One of the least understood aspects of data warehouse technology is what may be called the

Expansion Ratio = (Total disk space used, except for mirroring) / (Size of the base database).

This is similar to the explosion ratio discussed in the OLAP Report’s justly famous discussion of database explosion, but I’m going with my own terminology because I don’t want to be tied to their precise terminology, nor to their technical focus. Expansion Ratios are hotly debated, with some figures being:

I don’t have actual figures from Netezza and DATallegro, but I imagine they’d come out lower than 2X, possibly well below.

Expansion Ratios are a huge factor in data warehouse cost. It’s not just the disks and their controllers; it’s also the processing done of those extra indices or aggregates or whatever, and the human cost of administering them. (E.g., Teradata claims that when moving from Oracle to Teradata, there’s commonly a full order-of-magnitude reduction in both index number and aggregate index size; clearly, the DBA cost in such a scenario would be drastically reduced as well.)

The question naturally arises: What is all this space being used for? Well, some is necessary as a pool for temporary/intermediate tables that will arise in query processing. Some arises if you reserve fixed amounts of space for something before filling them. Some just happens because disks aren’t 100% utilized. But all that shouldn’t be enough to get you up even to 1.5X. All the rest has to come from indices, aggregations, and their equivalents.

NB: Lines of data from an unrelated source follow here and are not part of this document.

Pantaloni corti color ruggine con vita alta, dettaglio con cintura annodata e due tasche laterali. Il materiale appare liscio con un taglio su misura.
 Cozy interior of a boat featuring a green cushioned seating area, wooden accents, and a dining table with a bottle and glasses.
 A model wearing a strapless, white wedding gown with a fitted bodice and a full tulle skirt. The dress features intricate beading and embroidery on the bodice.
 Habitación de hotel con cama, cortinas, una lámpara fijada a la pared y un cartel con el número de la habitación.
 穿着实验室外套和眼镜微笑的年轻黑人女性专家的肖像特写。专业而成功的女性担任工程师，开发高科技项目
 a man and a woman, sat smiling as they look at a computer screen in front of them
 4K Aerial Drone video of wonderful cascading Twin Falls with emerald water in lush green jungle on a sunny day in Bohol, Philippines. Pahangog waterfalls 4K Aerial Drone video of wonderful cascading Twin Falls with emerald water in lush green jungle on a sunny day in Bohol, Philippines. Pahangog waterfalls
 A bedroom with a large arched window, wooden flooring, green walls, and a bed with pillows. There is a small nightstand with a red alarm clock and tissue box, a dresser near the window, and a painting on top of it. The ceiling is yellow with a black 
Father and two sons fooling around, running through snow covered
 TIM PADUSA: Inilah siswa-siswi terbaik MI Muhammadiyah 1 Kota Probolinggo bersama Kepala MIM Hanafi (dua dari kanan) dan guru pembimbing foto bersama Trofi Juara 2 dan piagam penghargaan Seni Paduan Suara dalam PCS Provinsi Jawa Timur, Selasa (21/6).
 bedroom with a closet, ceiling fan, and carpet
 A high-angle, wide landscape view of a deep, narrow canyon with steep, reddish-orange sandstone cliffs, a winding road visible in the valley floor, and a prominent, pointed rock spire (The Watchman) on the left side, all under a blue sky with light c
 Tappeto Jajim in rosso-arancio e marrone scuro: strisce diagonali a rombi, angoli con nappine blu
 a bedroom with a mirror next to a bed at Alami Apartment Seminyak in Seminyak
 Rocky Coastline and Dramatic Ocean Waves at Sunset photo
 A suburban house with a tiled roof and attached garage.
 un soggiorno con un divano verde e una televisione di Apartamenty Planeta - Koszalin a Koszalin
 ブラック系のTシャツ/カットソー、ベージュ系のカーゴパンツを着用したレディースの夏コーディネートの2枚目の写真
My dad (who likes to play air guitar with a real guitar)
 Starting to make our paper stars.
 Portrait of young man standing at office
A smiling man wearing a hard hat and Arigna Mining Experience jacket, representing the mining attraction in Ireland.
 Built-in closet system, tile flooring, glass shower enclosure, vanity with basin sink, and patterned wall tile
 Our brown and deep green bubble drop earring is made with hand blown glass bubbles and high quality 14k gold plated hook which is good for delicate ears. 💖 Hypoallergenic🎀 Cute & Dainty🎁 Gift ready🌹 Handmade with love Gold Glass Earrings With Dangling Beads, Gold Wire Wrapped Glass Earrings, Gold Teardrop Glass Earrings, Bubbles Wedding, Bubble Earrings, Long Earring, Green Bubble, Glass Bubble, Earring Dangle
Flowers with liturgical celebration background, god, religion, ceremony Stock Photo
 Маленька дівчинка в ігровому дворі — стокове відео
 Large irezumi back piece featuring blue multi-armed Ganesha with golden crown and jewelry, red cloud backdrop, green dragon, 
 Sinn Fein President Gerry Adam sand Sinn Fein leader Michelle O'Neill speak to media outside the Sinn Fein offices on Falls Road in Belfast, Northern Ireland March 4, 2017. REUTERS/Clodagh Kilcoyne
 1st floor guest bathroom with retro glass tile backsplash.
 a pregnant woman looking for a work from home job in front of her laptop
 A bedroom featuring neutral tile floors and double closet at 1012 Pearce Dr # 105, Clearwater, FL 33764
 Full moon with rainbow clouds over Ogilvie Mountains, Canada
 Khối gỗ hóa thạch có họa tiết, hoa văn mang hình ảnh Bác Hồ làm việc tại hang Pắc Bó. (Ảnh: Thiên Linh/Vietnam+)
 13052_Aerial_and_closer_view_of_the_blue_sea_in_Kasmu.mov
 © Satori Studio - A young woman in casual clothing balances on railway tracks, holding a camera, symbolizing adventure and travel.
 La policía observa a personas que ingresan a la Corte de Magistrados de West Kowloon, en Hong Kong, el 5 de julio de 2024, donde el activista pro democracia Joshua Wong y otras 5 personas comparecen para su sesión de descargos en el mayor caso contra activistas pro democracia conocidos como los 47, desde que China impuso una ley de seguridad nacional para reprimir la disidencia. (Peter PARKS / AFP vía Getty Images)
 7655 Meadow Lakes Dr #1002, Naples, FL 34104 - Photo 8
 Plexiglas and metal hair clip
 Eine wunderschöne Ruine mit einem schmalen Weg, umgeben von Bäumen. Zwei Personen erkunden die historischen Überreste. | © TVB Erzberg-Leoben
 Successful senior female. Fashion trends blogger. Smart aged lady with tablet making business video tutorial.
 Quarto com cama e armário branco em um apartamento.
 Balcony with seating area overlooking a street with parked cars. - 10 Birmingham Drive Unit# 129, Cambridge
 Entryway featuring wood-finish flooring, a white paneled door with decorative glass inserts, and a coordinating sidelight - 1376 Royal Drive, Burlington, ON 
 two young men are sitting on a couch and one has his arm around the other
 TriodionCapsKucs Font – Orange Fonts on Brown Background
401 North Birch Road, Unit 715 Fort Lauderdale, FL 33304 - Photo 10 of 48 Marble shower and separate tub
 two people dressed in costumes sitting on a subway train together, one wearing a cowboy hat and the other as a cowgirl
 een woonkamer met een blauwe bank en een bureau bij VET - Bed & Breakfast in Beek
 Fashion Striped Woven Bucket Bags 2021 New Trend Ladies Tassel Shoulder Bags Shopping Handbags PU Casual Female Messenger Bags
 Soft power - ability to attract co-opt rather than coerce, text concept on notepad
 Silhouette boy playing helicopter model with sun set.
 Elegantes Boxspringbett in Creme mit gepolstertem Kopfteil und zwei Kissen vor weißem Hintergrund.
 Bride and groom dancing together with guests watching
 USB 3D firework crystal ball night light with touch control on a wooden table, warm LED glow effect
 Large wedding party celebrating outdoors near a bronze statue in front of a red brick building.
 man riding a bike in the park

Single-column indices, I would think, are far from a complete explanation. Yes, if you indexed every column, you’d clearly have a greater than 1X increment to the Expansion Ratio, certainly before compression and probably after as well. But the increment wouldn’t be much over 1X either. So the big explosion would almost have to be in the multi-column stuff – prejoins, aggregated rollups (with are inherently indexed by multiple dimensions at once), and so on.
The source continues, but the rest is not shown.